In determining that the actions pursuant to the arrangement between the manufacturer and the patients would present a low risk of fraud and abuse under the federal anti-kickback statute, the OIG's analysis turned on seven factors:

  • The arrangement increases access to care that complies with the drug's REMS, which includes elements to assure safe use (ETASU) for financially needy patients and those living in rural areas;
     
  • The modest lodging the manufacturer provides under the arrangement following infusion enables physicians to meet the FDA requirements in the drug's prescribing information and to mitigate patient harm from potentially lethal drug side effects;
     
  • The limited center network is necessary for patient safety reasons and to ensure compliance with the drug's REMS with ETASU. Furthermore, the manufacturer certified that it does not require providers to prescribe its drug exclusively;
     
  • The drug is a treatment of last resort for patients with the disease. Furthermore, the drug is a one-time, potentially curative treatment, so the arrangement does not raise the seeding concerns sometimes present in other arrangements;
     
  • Requiring patients to reside a significant distance from a leukapheresis facility and center mitigates the risk that the manufacturer uses the arrangement as a marketing tool for patient referrals. The manufacturer also certified that it does not authorize lodging under the arrangement to patients treated by a leukapheresis facility or center when the manufacturer has knowledge, or based on available information should have knowledge, that the patient is eligible to receive free lodging from the leukapheresis facility or center, and such lodging is available for that patient's use;
     
  • The support provided by the manufacturer allows an eligible patient and his or her caregiver to follow the requirements of the drug's prescribing information; and
     
  • The manufacturer certified that, due to the unique characteristics of the drug's manufacturing process and its safety risks, leukapheresis cannot take place at a medical facility unless it is either part of, or affiliated with, a center and has been evaluated and approved as part of the manufacturer's process for qualifying centers to perform all stages of drug treatment. The manufacturer's qualification process ensures that the leukapheresis facility is capable of correctly collecting, storing, packing and shipping a patient's cells and that the drug can be properly matched to each individual patient.

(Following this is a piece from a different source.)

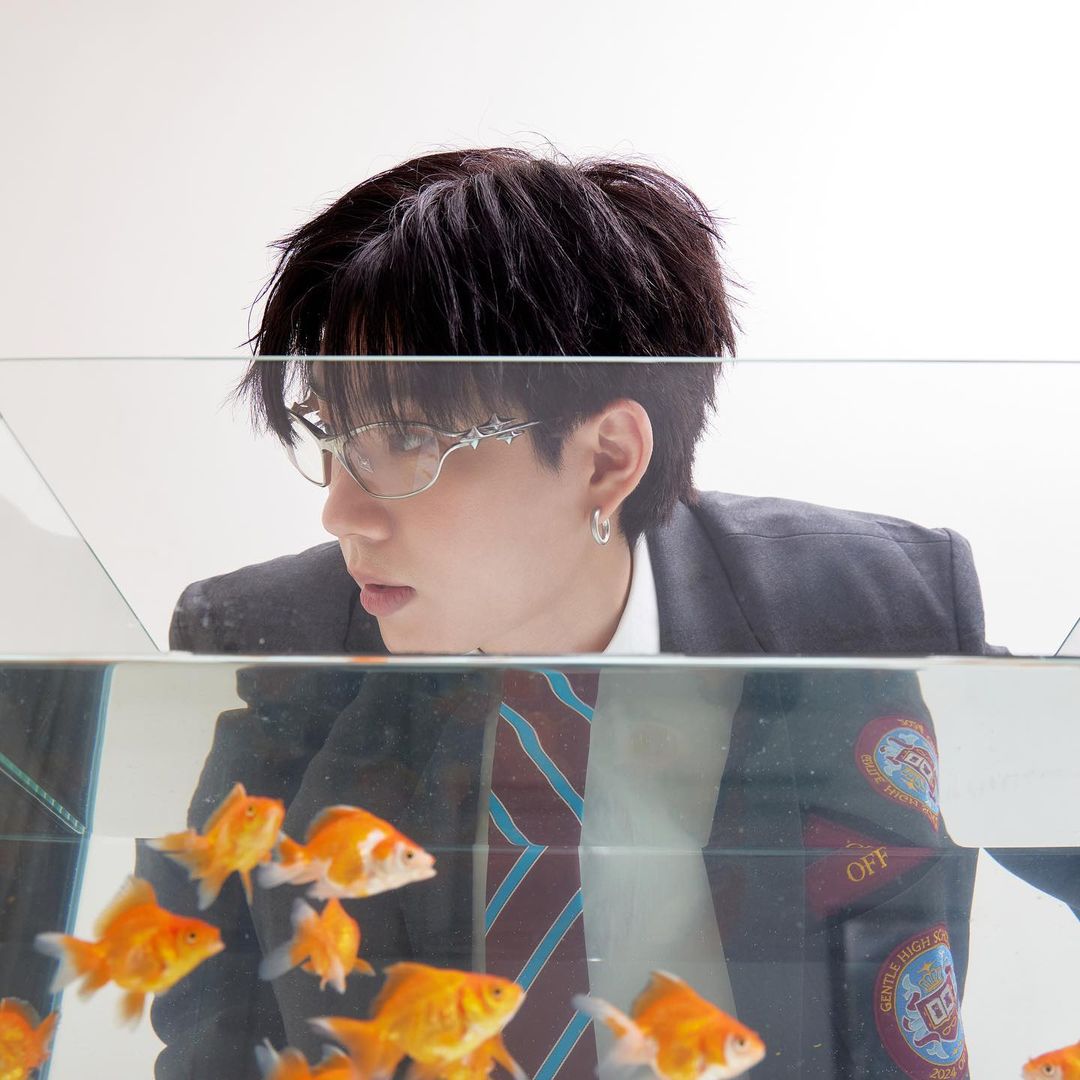 ออฟ - จุมพล อดุลกิตติพร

In determining that the actions pursuant to the arrangement between the manufacturer and the patients would present a low risk of fraud and abuse under the beneficiary inducements CMP, the OIG's analysis turned on three factors:

  • The assistance under the arrangement will not duplicate other available charitable assistance from a center or leukapheresis facility;
     
  • The remuneration provided during drug treatment removes or reduces economic barriers to receiving safe treatment and patient monitoring required by the drug's prescribing information and REMS with ETASU; and
     
  • The drug is unlikely to be overutilized because the drug is prescribed only for patients with relapsed or refractory disease who have undergone two or more lines of systemic therapy and is a one-time potentially curative treatment.